*Exercise aim*.
In the entries that follow, the line with "Sexuální deviace - náhled" opens the range and the line with "3108 Devonshire Drive" closes it; repeat that range exactly, both lines included.

*Data for processing*.
•••

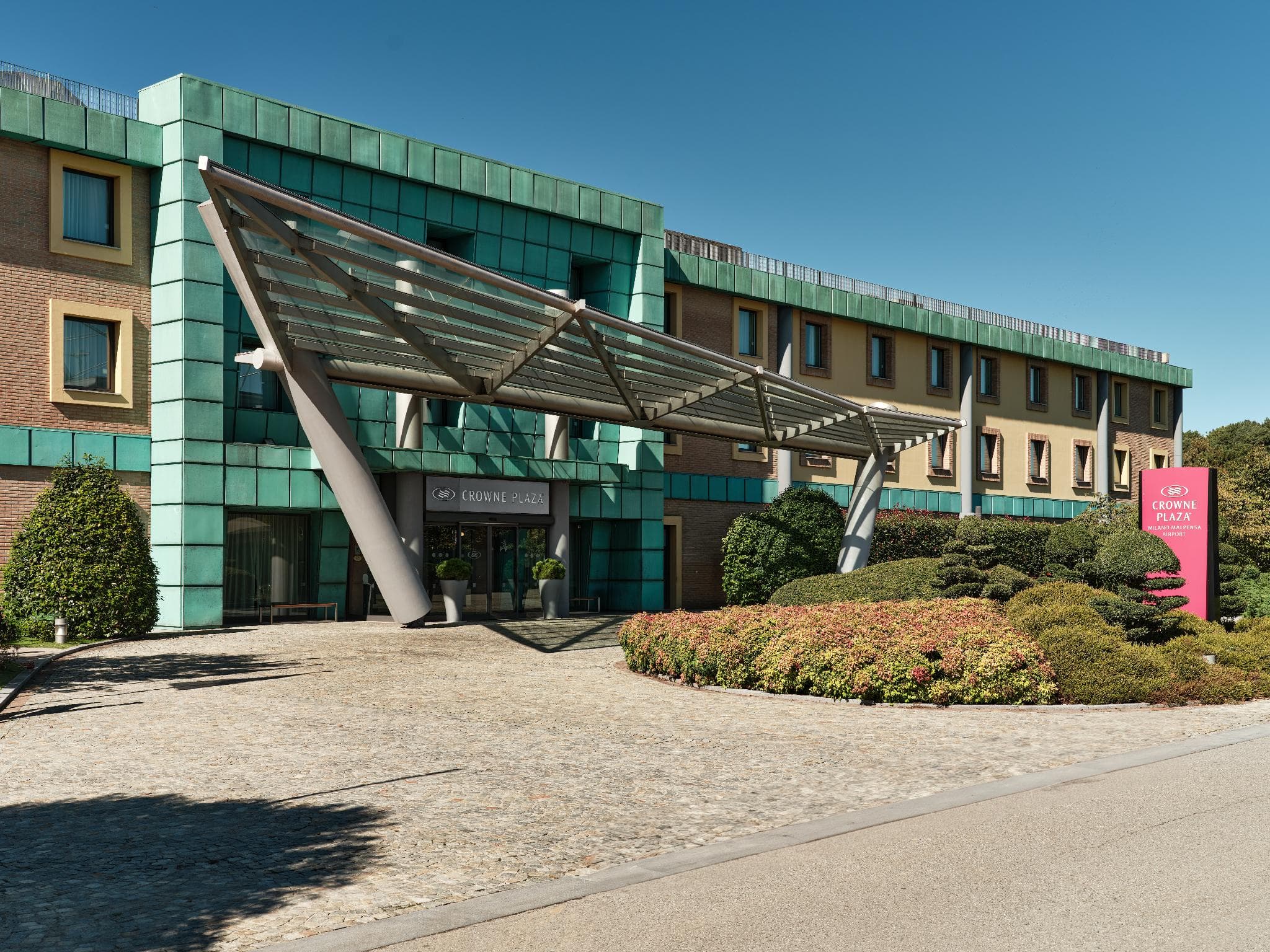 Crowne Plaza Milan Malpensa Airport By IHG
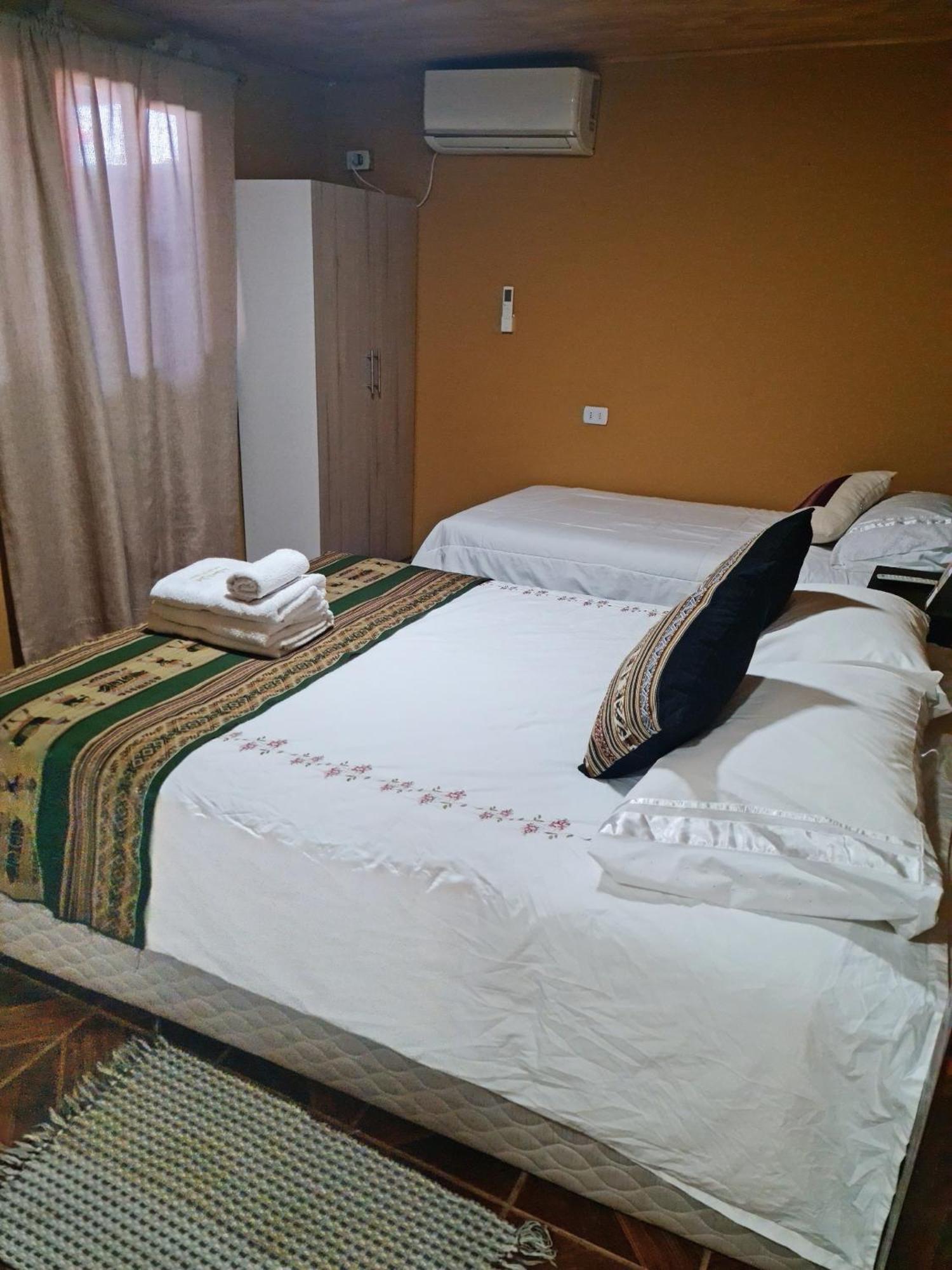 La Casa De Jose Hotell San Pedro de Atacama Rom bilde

•••

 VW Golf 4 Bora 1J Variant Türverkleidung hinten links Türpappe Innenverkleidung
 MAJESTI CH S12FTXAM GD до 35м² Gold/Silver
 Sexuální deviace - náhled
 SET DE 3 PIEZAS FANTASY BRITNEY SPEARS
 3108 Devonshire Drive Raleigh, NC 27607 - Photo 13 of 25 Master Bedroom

•••

*Output for this task*.
 Sexuální deviace - náhled
 SET DE 3 PIEZAS FANTASY BRITNEY SPEARS
 3108 Devonshire Drive Raleigh, NC 27607 - Photo 13 of 25 Master Bedroom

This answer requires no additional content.